Appeal from a judgment of the County Court of Albany County (Harris, J.), rendered April 6, 1983, upon a verdict convicting defendant of the crimes of assault in the first degree and assault in the second degree.
This case comes before us a second time. In our previous decision, we determined that the trial court erred in refusing to charge assault in the third degree as requested, thereby necessitating a new trial on the first count on the indictment (104 AD2d 527). The Court of Appeals modified this determination, agreeing with the dissenting memorandum of Justice Casey that there exists no reasonable view of the evidence to support the submission of assault in the third degree as a lesser charge under the first count of the indictment (65 NY2d 761). Accordingly, defendant’s conviction of assault in the first degree was reinstated and the case was remitted to this court for consideration of those issues not previously reviewed, namely, the trial court’s dismissal of a sworn juror and the excessiveness of the sentence.

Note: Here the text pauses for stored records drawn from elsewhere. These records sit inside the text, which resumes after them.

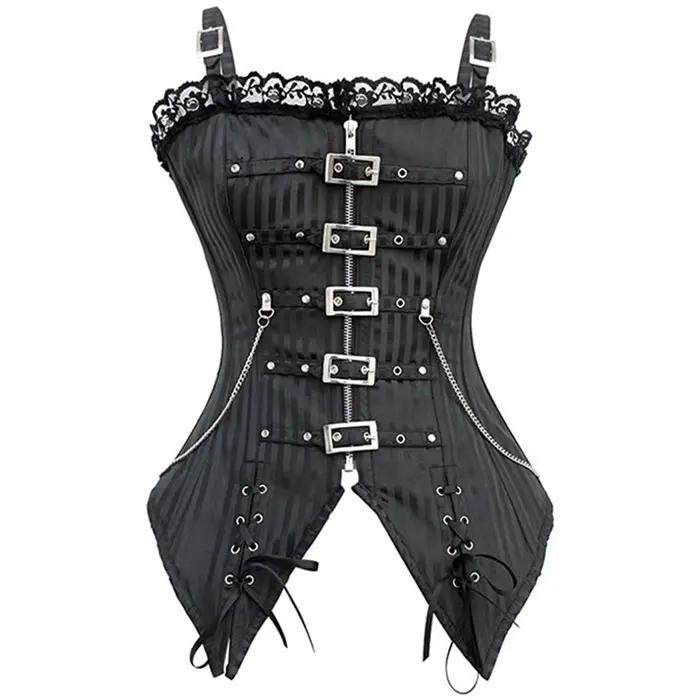 Femmes Sexy Corset bretelles Steampunk haut bustier rayure Vintage dentelle superposition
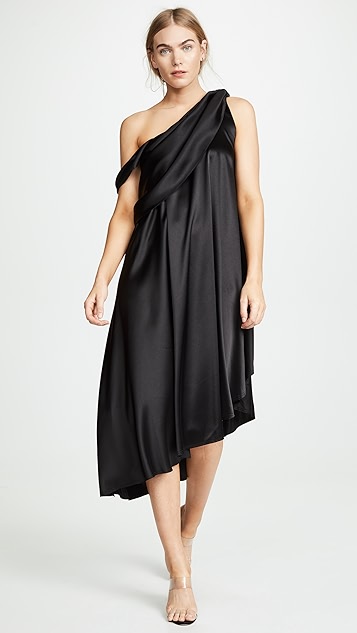 缠绕垂坠皱褶连衣裙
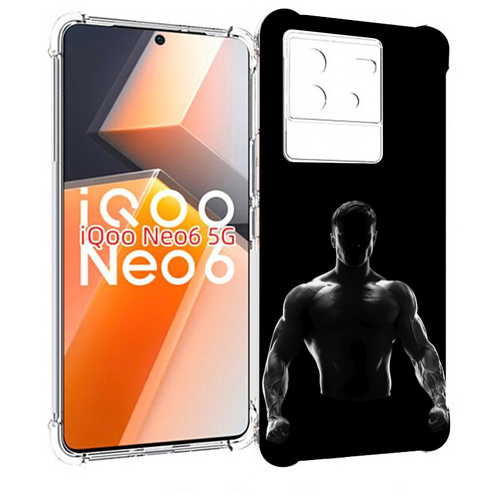 Чехол MyPads накаченный мужчина в тени мужской для Vivo iQoo Neo 6 5G задняя-панель-накладка-бампер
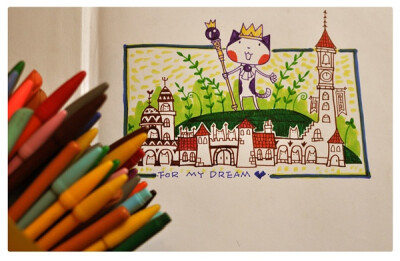 好美，水彩笔。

Defendant maintains that the trial court erred by excusing a juror, a Mrs. Del Bello, who, after the jury was sworn and prior to the opening statements, indicated that she had seen a personal friend sitting with defendant’s grandmother in the courtroom. Del Bello explained that she knew both women from church and would "feel certain pressure” continuing under the circumstances. When questioned by defense counsel as to whether she could render a fair and impartial verdict, she stated: "I feel I could, but in some ways I feel pressurized of the results of what I might do or say afterwards. I don’t want anybody coming back and saying this girl knows somebody or she had some connection with the defendant in any way. * * * I would find it very difficult. I feel very torn in two.” Upon further inquiry by the trial court, Del Bello confirmed that it would be more difficult to proceed and that she would prefer not to serve. She was then dismissed over defense counsel’s objection, and the first alternate juror was substituted.
*1091Given this scenario, we cannot agree that defendant’s constitutional and statutory rights to trial by jury were violated by the removal of Del Bello as a juror. A sworn juror may be discharged when shown to be "grossly unqualified” (CPL 270.35). This statutory standard is met when "it becomes obvious that a particular juror possesses a state of mind which would prevent the rendering of an impartial verdict” (People v West, 92 AD2d 620, 622 [Mahoney, P. J., dissenting], revd 62 NY2d 708; People v Meyer, 78 AD2d 662, 664). Unlike the two jurors in People v West (supra), Del Bello was unable to "unhesitatingly” confirm her ability to render a fair and impartial verdict despite the pressure she felt. Indeed, the record demonstrates that she was distraught and preferred to be relieved of her duties. It is also of some importance that these revelations were made prior to the opening statements. Under these circumstances, we conclude that the trial court properly dismissed the juror as "grossly unqualified”.
Finally, in view of the severity of the assault and the serious injuries incurred by the victim, we cannot say that the trial court abused its discretion in sentencing defendant to an indeterminate prison term of 5 to 15 years, which was within the statutory guideline (Penal Law § 70.02 [2] [a]; [3] [b]; [4]).
Judgment convicting defendant of the crime of assault in the first degree affirmed. Casey, J. P., Weiss, Yesawich, Jr., Levine and Harvey, JJ., concur.